Aluminum carpentry with RPT
Introduction
A window is an architectural element that is located in an opening or opening. A set of devices used to close that opening is also called a window.
The term comes from the Latin ventus (wind), referring to the ventilation capacity "Ventilation (architecture)") that it provides. Formerly the window was also called fenestra or also called "finistra", identical to what it is called in Latin and Greek. This would be the direct mode of etymological derivation. However, although this name is now out of use, words related to it are preserved, such as defenestrate which means throwing someone out of a window.
The Romans were the first to use glass for windows, a technology that was probably first produced in Roman Egypt "Egypt (Roman province)"), in Alexandria around 100 AD. C. Paper windows were inexpensive and widely used in ancient China, Korea, and Japan. In England, glass became common in ordinary house windows only at the beginning of the 19th century, while windows composed of panels of flattened animal horn were used as early as the 19th century. In the 19th century American West, traveling tribes began using "oiled paper" windows.

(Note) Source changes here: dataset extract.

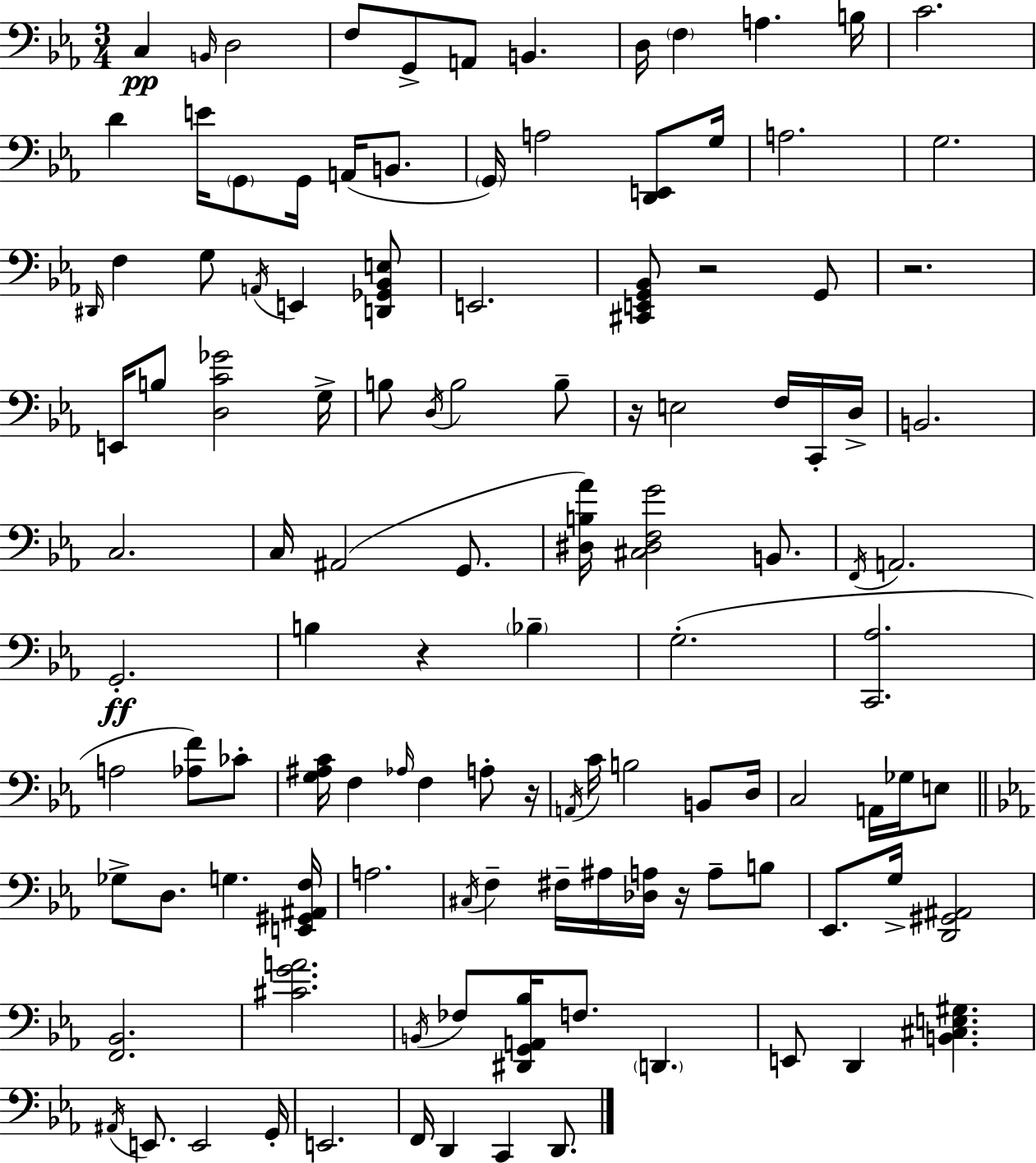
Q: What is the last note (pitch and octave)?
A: D2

Modern-style floor-to-ceiling windows became possible only after industrial plate glass manufacturing processes were fully perfected.
History
In the century BC. C., the first windows were unglazed openings in a roof to let in light during the day. Later, windows were covered with animal skins, cloth or wood. Blinds that could be opened and closed would come later. Over time, windows were built to protect inhabitants from the elements and transmit light, using multiple small pieces of translucent material, such as flattened pieces of translucent animal horn, thin sheets of marble (e.g. phengite), or pieces of glass, set in frames of wood, iron or lead. In the Far East, paper was used to fill windows.[1]
The Romans were the first to use glass for windows, a technology that was probably first produced in Roman Egypt. Possibly, cast glass windows began to appear in Alexandria in the year 100 AD. C., although with poor optical properties, but these were small, thick productions, little more than blown glass jars (cylindrical shapes) flattened into sheets with circular striation patterns throughout. It would be more than a millennium before window glass became transparent enough to see clearly, as we now think.